Problem details. Below are records with pictures in them. Transcribe everything from the line containing "View Porthole Ryanair" down to the line containing "Burnside Cottage Hotel Overview", exactly, and leave the pictures behind.

Records supplied.

-*-*-

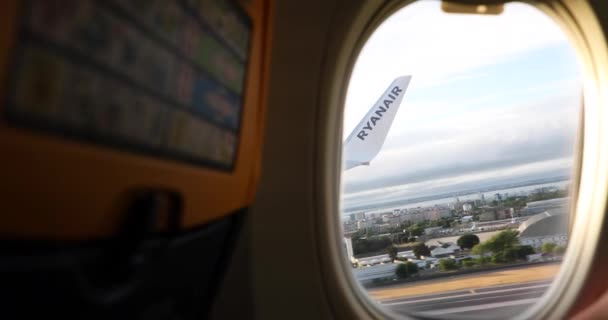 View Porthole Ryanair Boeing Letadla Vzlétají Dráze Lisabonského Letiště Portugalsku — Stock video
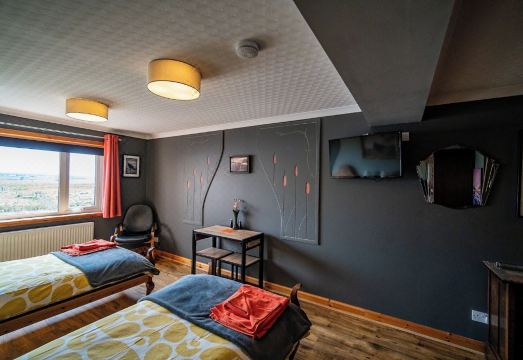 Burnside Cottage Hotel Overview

-*-*-

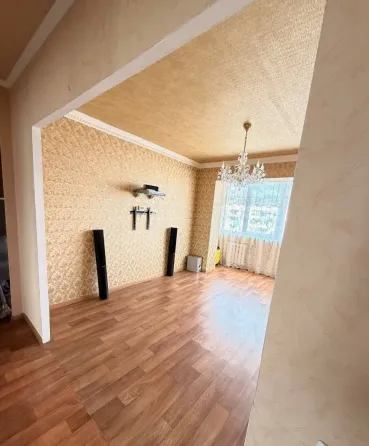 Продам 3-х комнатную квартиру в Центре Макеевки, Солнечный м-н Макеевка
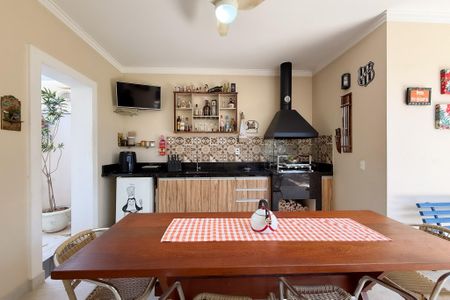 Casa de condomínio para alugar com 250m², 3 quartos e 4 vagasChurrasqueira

-*-*-

Solved exercise.
 View Porthole Ryanair Boeing Letadla Vzlétají Dráze Lisabonského Letiště Portugalsku — Stock video
 Burnside Cottage Hotel Overview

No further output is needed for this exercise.